Frente a nuestros ojos va transcurriendo este conflicto, con crueldad exacerbada, con asimetrías profundas. Gente común y corriente es masacrada, la instantánea comunicación nos va mostrando la escalada.

La guerra va asolando esperanzas, llega con sus vicios, sus mentiras de noblezas, con ira, con violaciones a niñas y mujeres, con ejecuciones sumarias, con torturas, con hambrunas colectivas, pestes y gigantescos desplazamientos de población. Los traficantes de armas y los mercenarios (sociedades anónimas que venden sus servicios de muerte) lucran de la logística bélica, si es necesario usar drogas para incentivar la barbarie, la disponen.

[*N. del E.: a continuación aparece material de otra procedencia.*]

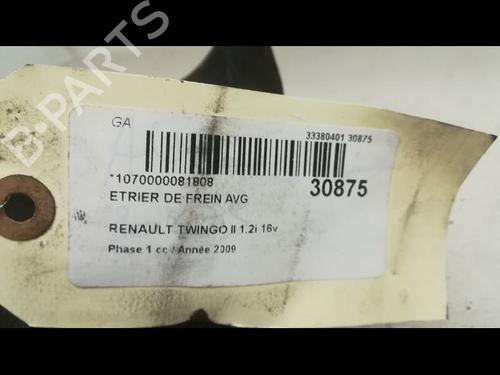 Left front brake caliper RENAULT TWINGO II (CN0_)  | BP23174021M105 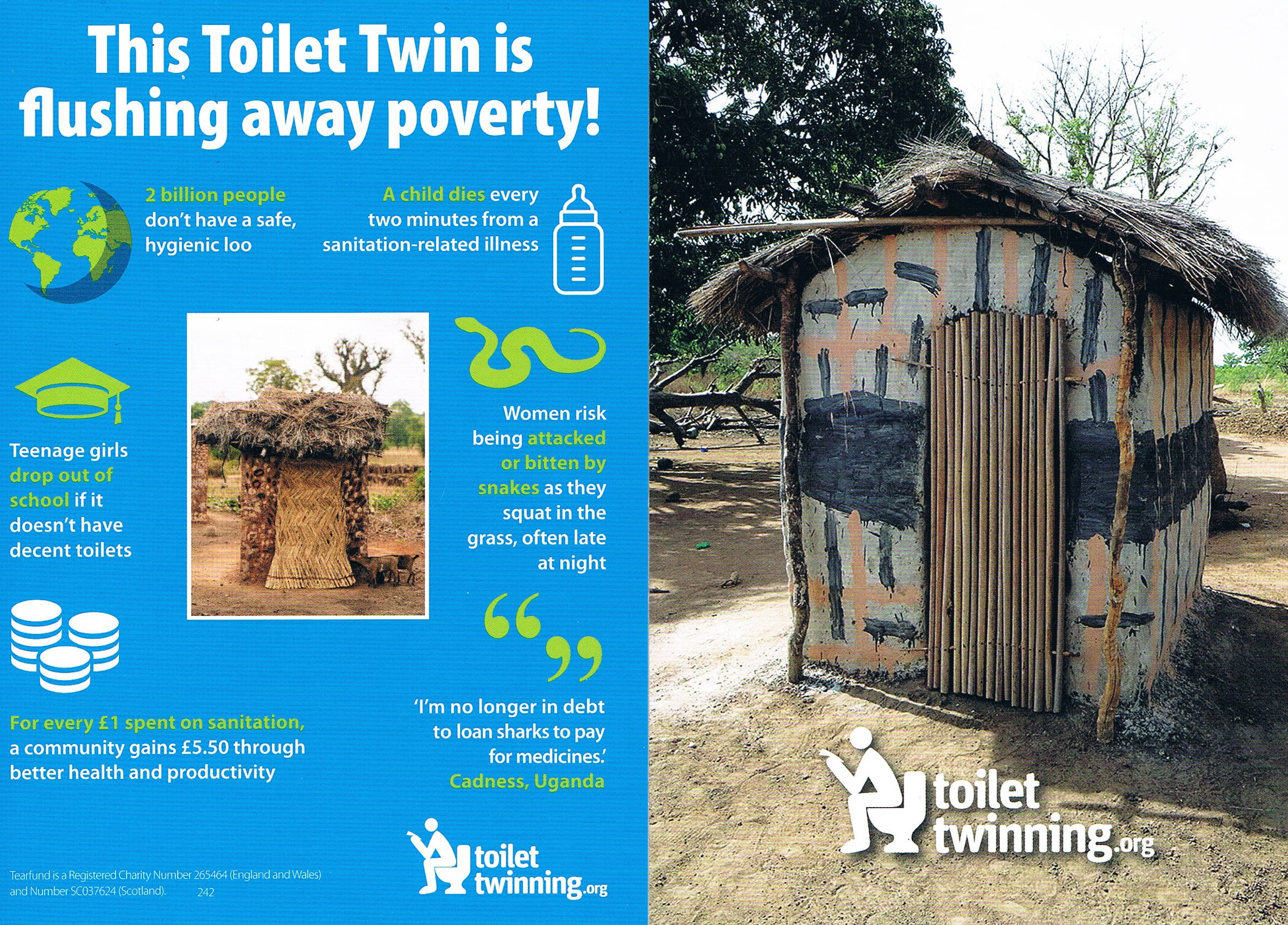 toilet twinning charity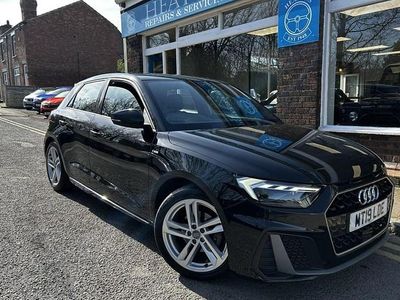 Used Audi A1 Sportback S-Line 116 HP (85 kW) 2019 Hatchback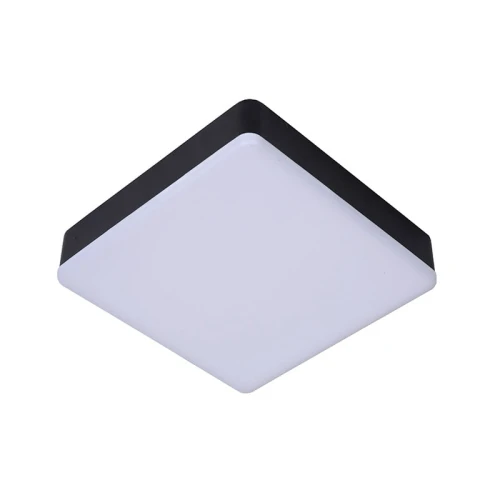 Plafon łazienkowy ściemnialny CERES-LED Czarny 30W 3000K IP44 Lucide 281133030  5411212281142 lampynox noxbox www.lampynox.pl 1.jpg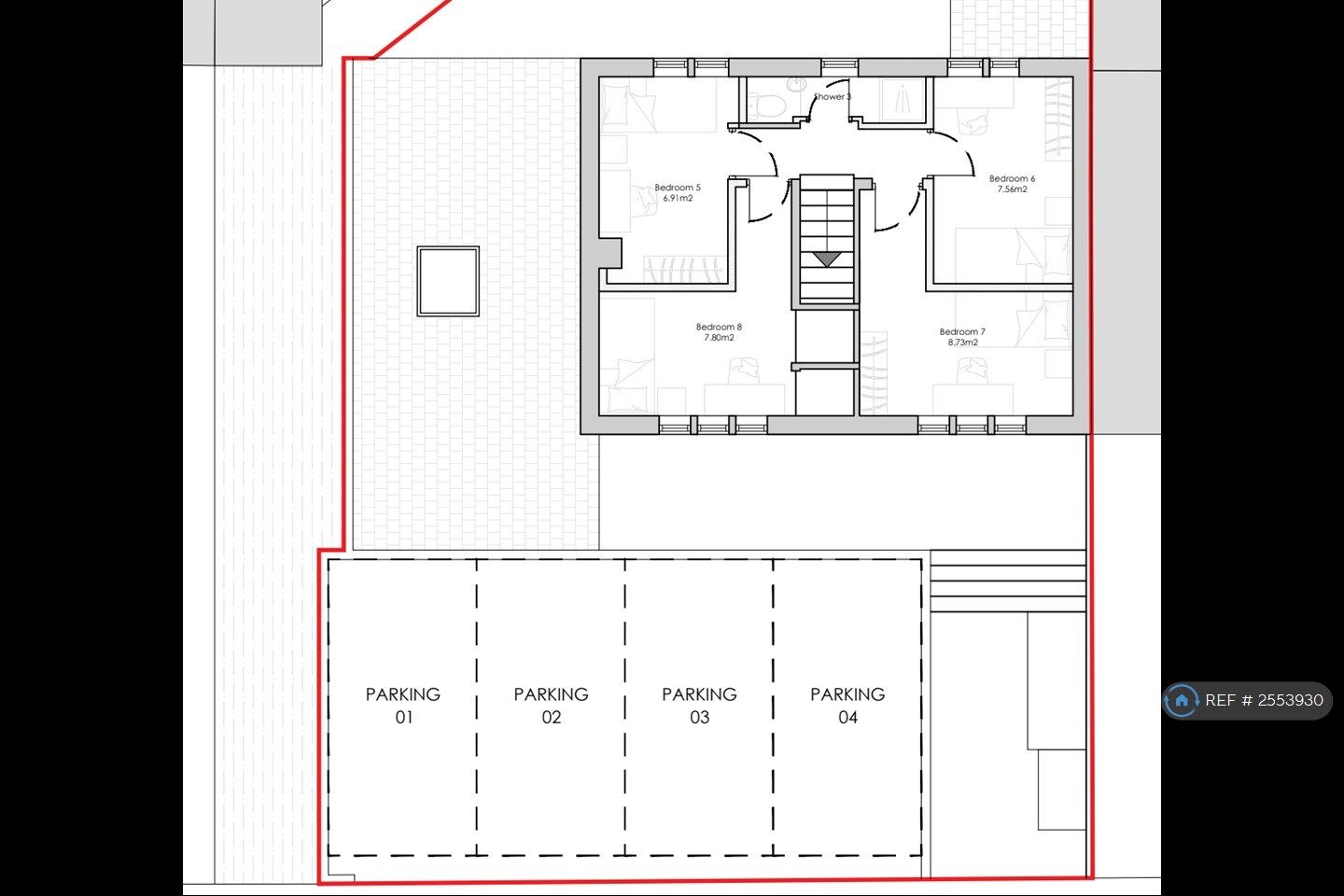 Sedgemoor Road, Bath floorplan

La guerra no es contra un enemigo uniformado, se desarrolla soterrada, sin una declaración formal, es una simple carnicería contra la población civil, donde todos pasan a ser peligrosos, con la lógica asesina de prevenir males mayores, los civiles somos un mero daño colateral. No valen los Convenios de Ginebra para los prisioneros de guerra, no habrá Corte Internacional de Justicia para los invasores, el Derecho se arrumba entre montañas de cadáveres, consecuencias de las maniobras de bombardeo y tierra arrasada. La guerra de hoy es peor que lo imaginable.

La guerra siempre ha estado movida por el lucro, por el control de los recursos estratégicos. Lo diferente hoy es que, cuando se luchaba contra un enemigo declarado, éste llevaba uniforme, se le distinguía de la civilidad, pero acá no, cualquier habitante con determinados rasgos étnicos, es peligroso y debe ser eliminado, por las dudas.


Ante la escalada de horror en medio Oriente y ante una inminente conflagración mundial, los pueblos, y especialmente los trabajadores de la cultura, debiéramos mantener una voz activa por la paz, ya que el Derecho Internacional es nuestra única protección frente a la ley de la selva imperante. Roguemos que no sea demasiado tarde.